I felt great yesterday! Most of the week has been pretty good, and kind of felt like this:
"Hello my honey, hello my baby, hello my ragtime gaaaaal...."
Been trying to avoid pm caffeine, and some days I was able to not drink any. Yesterday included.
Yesterday I was the Tasmanian Devil--I cleaned out my bedroom closet and drawers along with the linen closet and part of the huge storage closet. In between I whipped up a chicken salad, emptied and refilled the dishwasher, folded a couple of loads of laundry, filled one large garbage bag with clothes for donation and one with stuff to be thrown out. Also had a two hour phone conversation with R in NH--we tried to figure out how to solve most of the world's problems, but didn't get too far. I'm still trying to figure out what to do with my wedding dress, but that will have to wait til later. I sorted towels, sheets, blankets, comforters--all sorts of stuff! I literally zinged from one part of the house to the other.What can I organize next??
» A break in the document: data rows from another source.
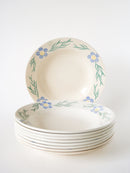 Lot De 9 Assiettes Creuses Digoin Sarreguemines À Fleurs - Bleu Et Vert - 1950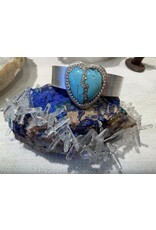 Blue Lampwork Heart SS cuff bracelet - AC *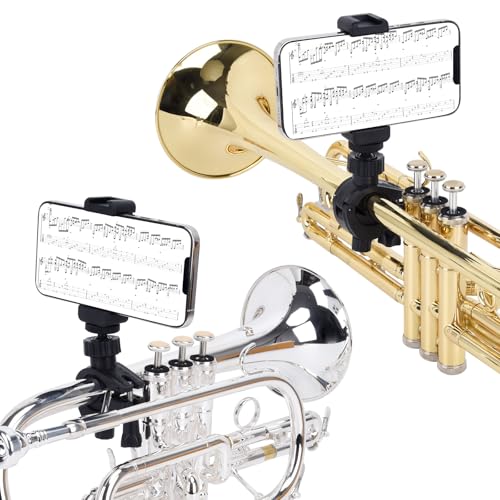 Adjustable Trumpet Phone Lyre, Low Brass Lyre for trumpet,cornet,Fits of 99.9% of Smartphones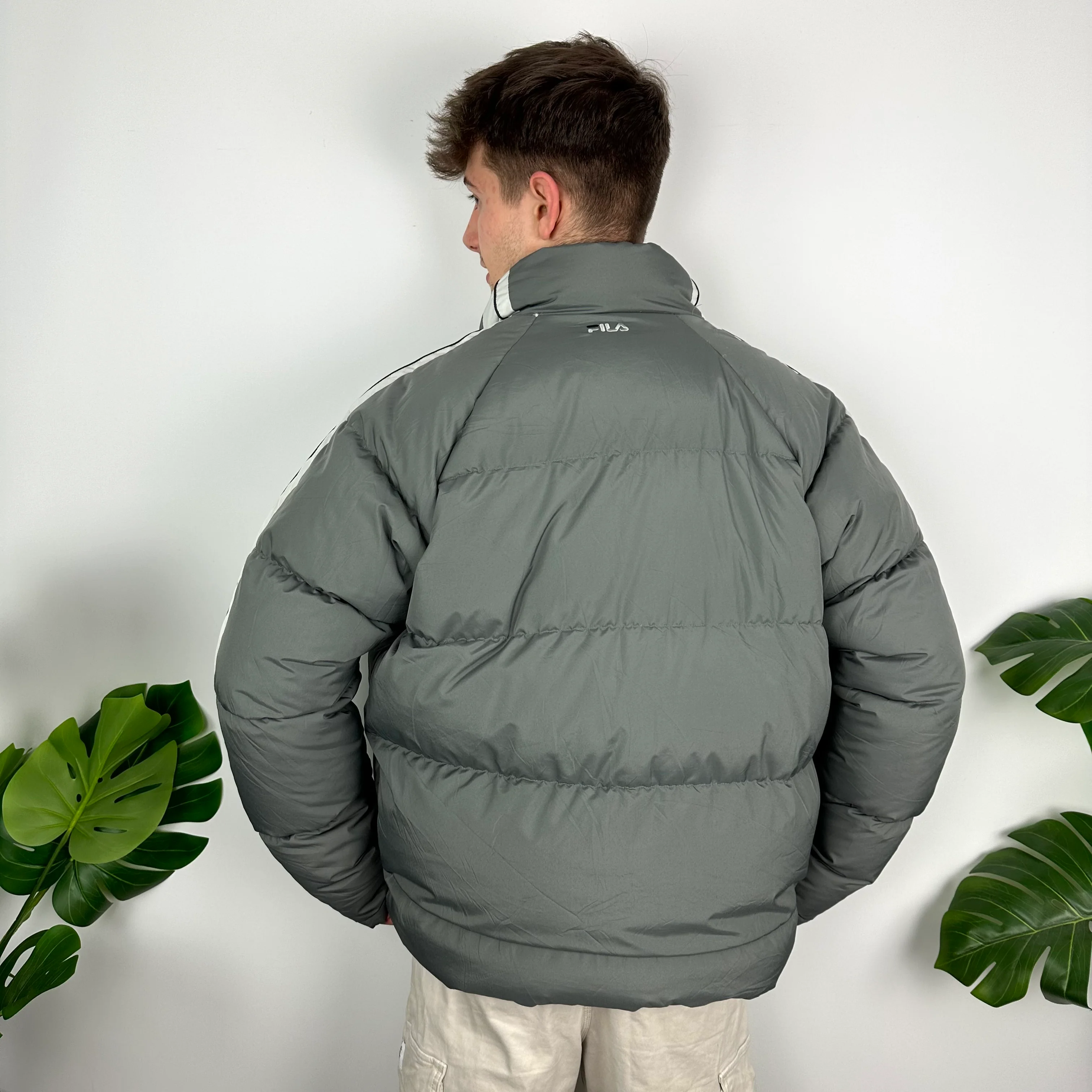 FILA Grey Embroidered Spell Out Puffer Jacket (XL) - Image 6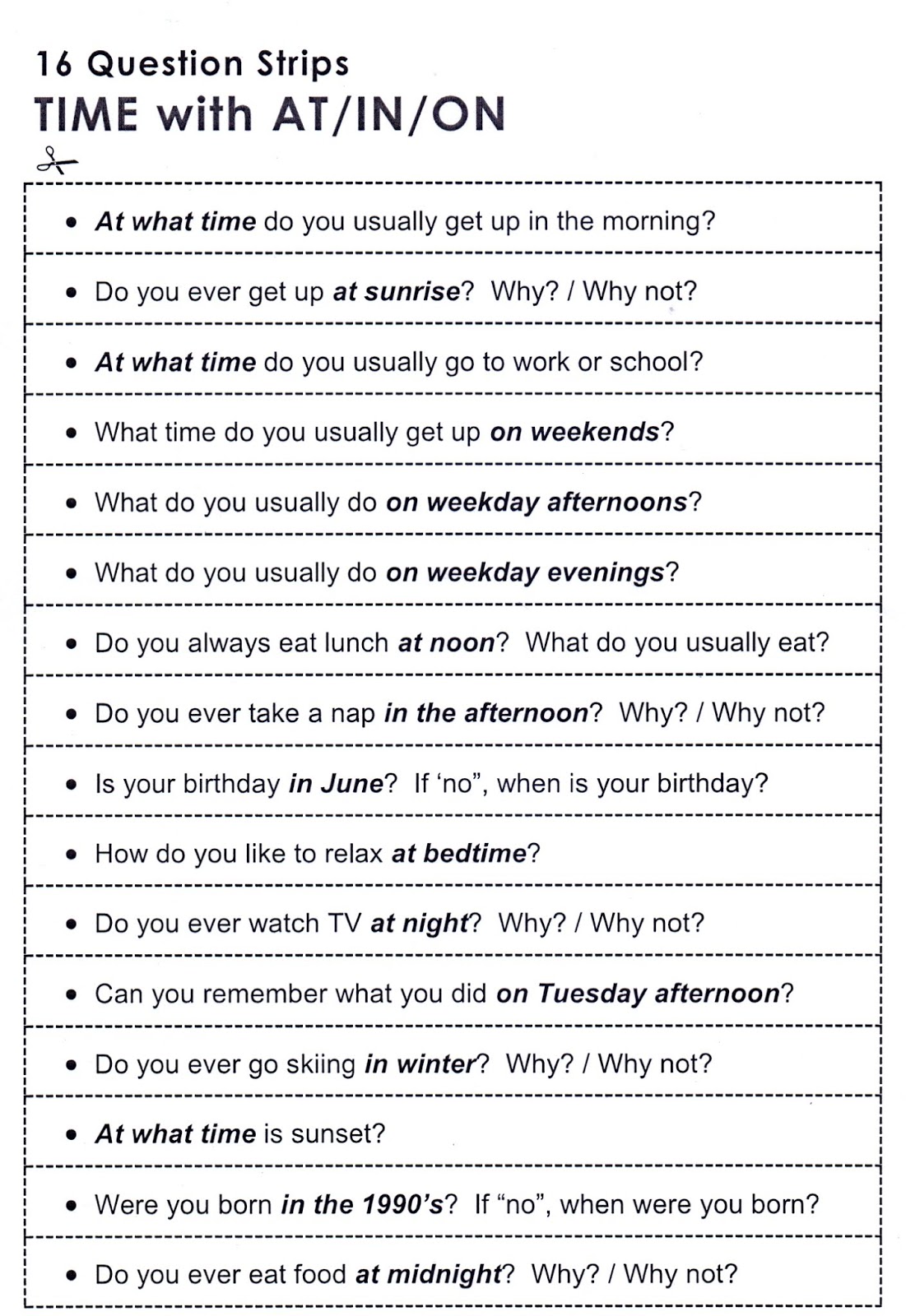 English Activities SPEAKING activities Prepositions AT/IN/ON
It was a good feeling, but I was very aware of the very energized feeling that was pushing me along. Sis stopped by for some of the chicken salad, and I said that I was worried what tomorrow would bring. Mr. Wonderful was happy to hear that I had culled the shoe collection (ha ha--that means there is now room in the closet for new shoes!) and weeded out some of my clothes (has he looked in his closet lately??) I should have known--me today.
I went to bed a reasonable time, slept through the night (no snoring) and was even conscious when Mr. W got up for work. I turned on "Matty in the Morning" and figured I'd get up in another hour or so. Imagine my surprise when I woke up and the clock read 11:28 am. WTF. Then it took me until about 2pm before I felt together enough to go drop off the bag of clothing gathered the day before. I've been off-kilter all day. And I still have some stuff left over to put away that didn't have an obvious home. However, I managed to clean out the kitchen cabinets (most of them) and reorganize part of the big giant storage closet. I also did a little shopping for the NH house and of course found a couple of cute tops on sale, so I had to pick them up. There is a little more space in the closet you know....
I realize that the last few weeks have been a chronicle of my messed-up sleep cycle. I'm hoping that it will change soon. The lack of school routine is probably not helping, because I swear my natural body clock wants to stay up til 2am and sleep til 10am. I can deal with that. It's the bizarre energy level swings that are really getting to me...pues, off to bed soon--I don't hear any snoring, so I'll probably be able to fall asleep. Buenas noches!